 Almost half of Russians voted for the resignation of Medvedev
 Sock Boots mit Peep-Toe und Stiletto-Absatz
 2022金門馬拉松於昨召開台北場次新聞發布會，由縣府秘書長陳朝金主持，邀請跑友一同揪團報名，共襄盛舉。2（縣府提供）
__________
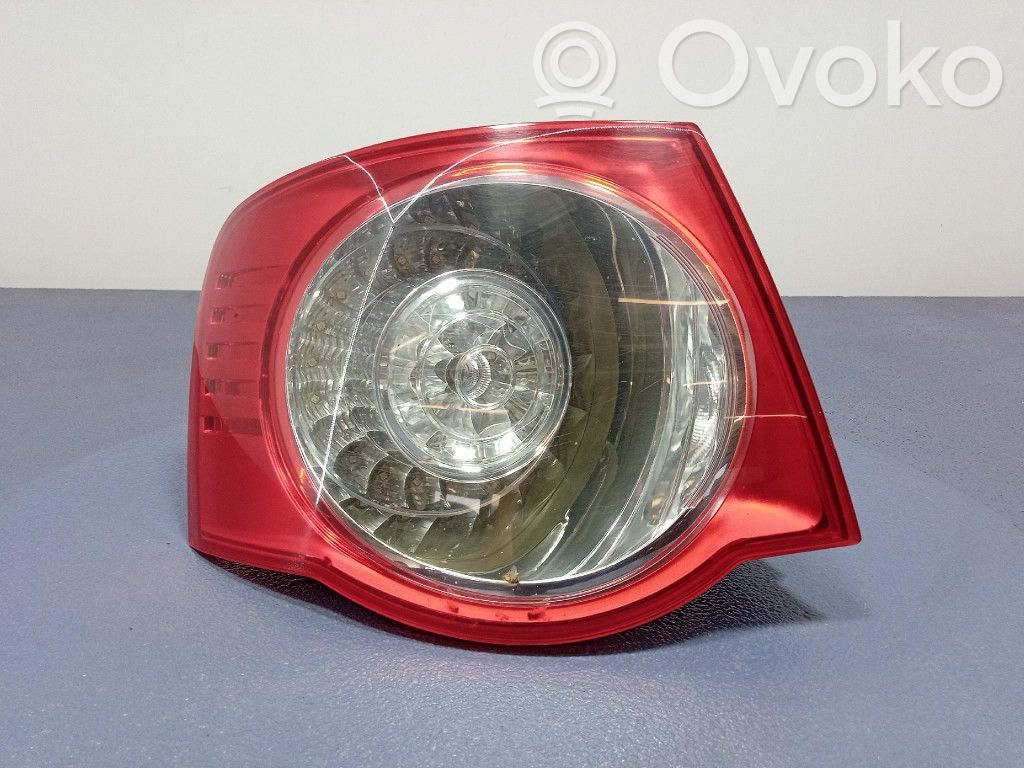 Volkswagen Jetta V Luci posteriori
__________
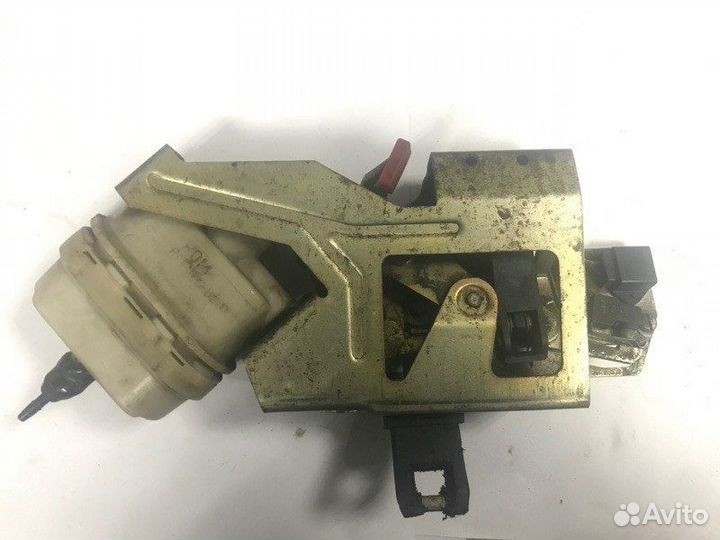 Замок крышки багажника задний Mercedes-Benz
__________
Using the data above, extract exactly the lines from the one that holds "Sock Boots mit Peep-Toe und Stiletto-Absatz" to the one that holds "2022金門馬拉松於昨召開台", both ends included, and no others.

 Sock Boots mit Peep-Toe und Stiletto-Absatz
 2022金門馬拉松於昨召開台北場次新聞發布會，由縣府秘書長陳朝金主持，邀請跑友一同揪團報名，共襄盛舉。2（縣府提供）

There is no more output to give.